Judge rules tax initiative violates constitution

SEATTLE — A voter-approved initiative that requires a two-thirds majority of the Legislature to raise taxes or close tax loopholes violates the state constitution, a judge ruled Wednesday.

Initiative 1053 was approved by Washington voters in November 2010 and has since made it difficult for lawmakers to adopt tax increases.

King County Superior Court Judge Bruce E. Heller’s ruling will likely put the measure before the Washington Supreme Court this fall, as both sides agreed in advance that the case would be appealed no matter which way the judge ruled.

Although the court has ruled previously on the constitutionality of state initiatives, this case focuses on whether a supermajority can be implemented through the initiative process or whether an amendment to the Washington Constitution is required.

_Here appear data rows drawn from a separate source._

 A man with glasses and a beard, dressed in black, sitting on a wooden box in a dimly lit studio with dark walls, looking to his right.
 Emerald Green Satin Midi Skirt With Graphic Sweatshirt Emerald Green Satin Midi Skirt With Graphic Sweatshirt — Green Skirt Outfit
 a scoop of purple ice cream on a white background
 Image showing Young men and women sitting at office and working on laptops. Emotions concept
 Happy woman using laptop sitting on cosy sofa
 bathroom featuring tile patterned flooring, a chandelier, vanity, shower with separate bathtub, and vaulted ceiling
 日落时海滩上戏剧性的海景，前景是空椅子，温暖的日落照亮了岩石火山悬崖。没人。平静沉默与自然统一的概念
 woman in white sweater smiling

Heller said in his ruling that the Constitution restricts the Legislature’s and the people’s ability to require a supermajority for passage of tax measures.

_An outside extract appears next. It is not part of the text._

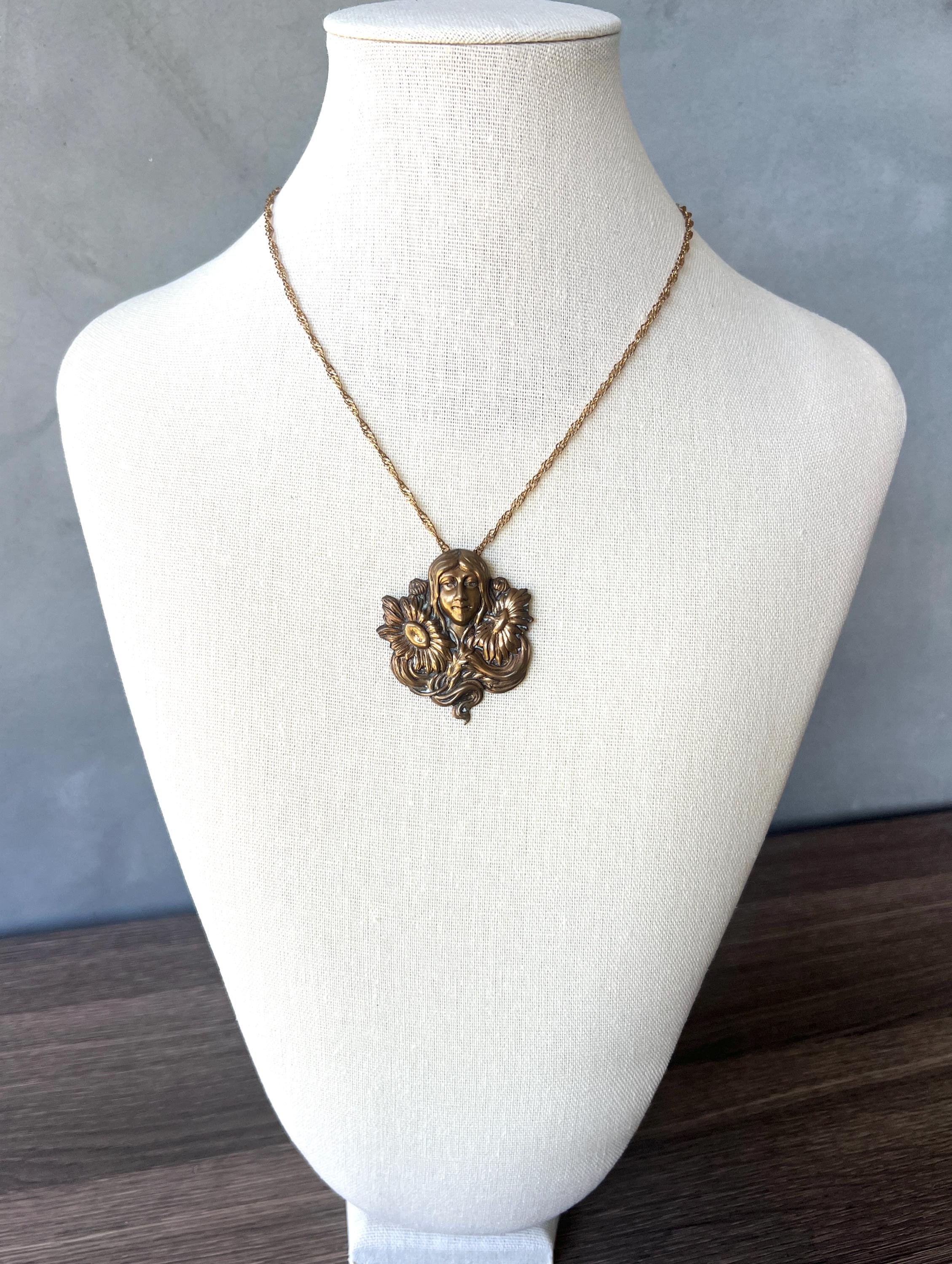 art nouveau repousse flower lady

Gov. Chris Gregoire said she was pleased with the ruling because it recognizes the uncertainly that has impeded state government in its efforts to find solutions to its financial difficulties

“We needed a court to resolve the uncertainty about the constitutionality of the supermajority vote requirement, one way or another, in order to move forward to solve tough challenges such as education funding,” Gregoire said in a statement.

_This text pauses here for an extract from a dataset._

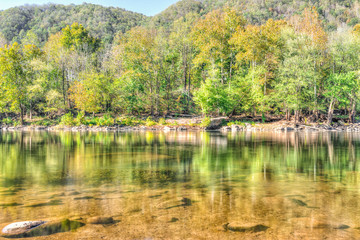 New River Gorge water river lake during autumn golden orange foliage in fall by Grandview with peaceful calm tranquil day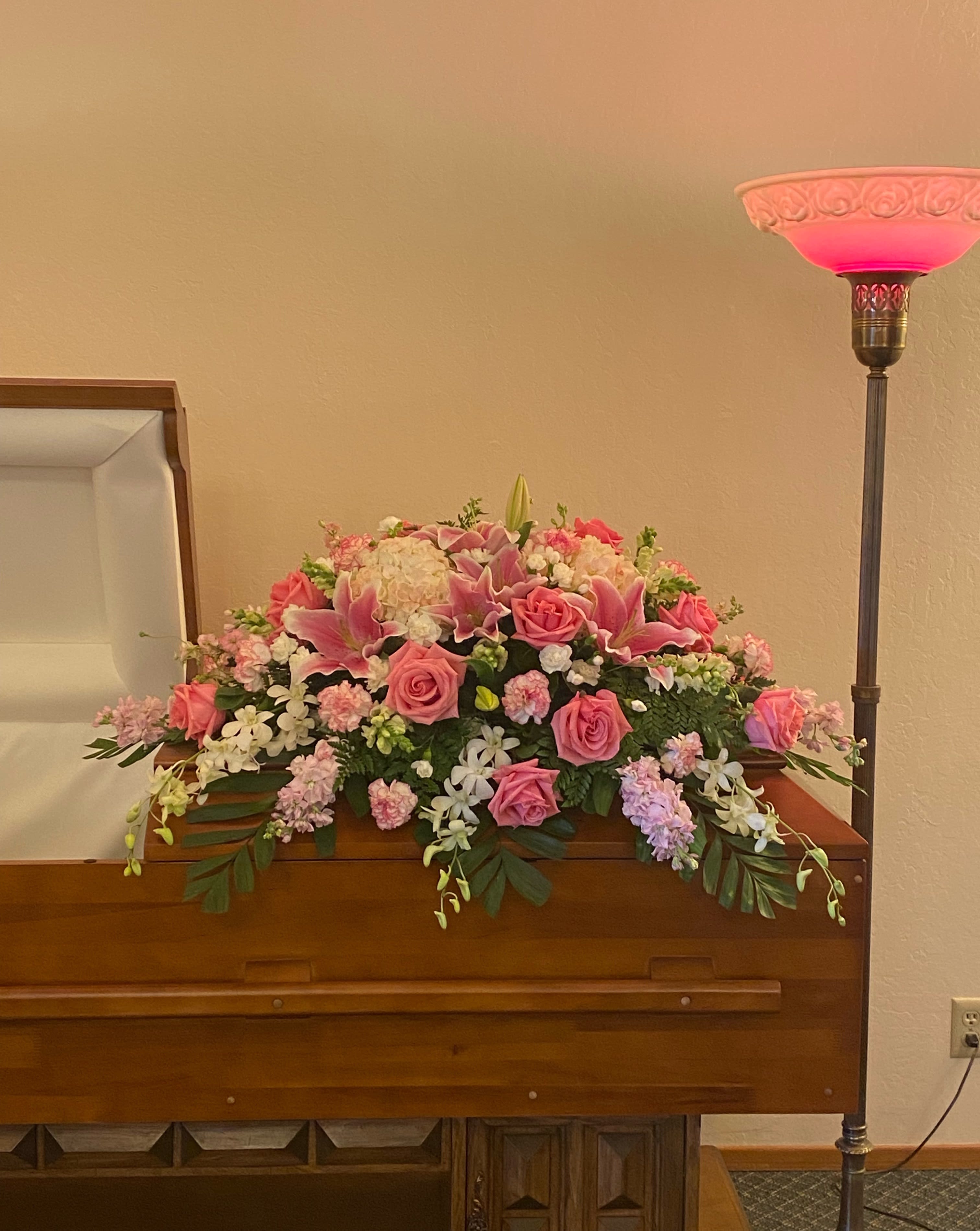 CS#06 Pink &amp; White Casket Spray - A pink and white casket spray featuring lilies, roses, hydrangeas, carnations, snapdragons, and filling greens.  The standard (half-open casket) arrangement is approximately 38” W x 16” H. (As shown) The deluxe (closed casket) arrangement is approximately 46” W x 16” H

A coalition including the League of Education Voters, the teacher’s union, parents, taxpayers and lawmakers argued the initiative violates the intent of the state constitution and allows a small segment of the Legislature to overturn the principle of majority rule.

“This lawsuit is another important piece in making sure our kids have all the resources they need to get an excellent education,” said Chris Korsmo, chief executive officer of the League of Education Voters.

The president of the state teacher’s union agreed.

“This decision is a victory for the children of Washington state,” said Mary Lindquist, WEA president.

“If it is upheld, this ruling will pave the way for the Legislature to fully fund K-12 public schools as mandated by the Supreme Court’s McCleary decision and the state Constitution,” said Washington Education Association President Mary Lindquist. “We hope it will be settled soon. Our kids can’t wait any longer.”

Paul Lawrence of the Pacifica Law Group, lead attorney for the coalition, said both sides are asking the Supreme Court to take the issue up quickly. He said they are hoping for a hearing by September and a ruling before the Legislature goes back to work in January.

Fast action by the court is likely, since right now the Legislature can pass any taxes with a simple majority, Lawrence said.

Lawrence characterized Heller’s ruling as “pro-Constitution” not “anti-initiative.”

The sponsor of Initiative 1053, Tim Eyman, said he believes the court has already decided this case three previous times, after voters approved tax initiatives, and each time decided to leave the matter up to the Legislature and the people.

Eyman said he has been asked why he doesn’t just propose a constitutional amendment, but he reminds the voters that the process for such action requires a vote of the Legislature.

“Hope springs eternal. Maybe they’ll find religion. Until that happens, we’ll keep passing initiatives,” Eyman said.

He is gathering votes to get another tax initiative on the ballot this fall and believes the judge’s decision will light a fire under the signature gathering effort for that initiative.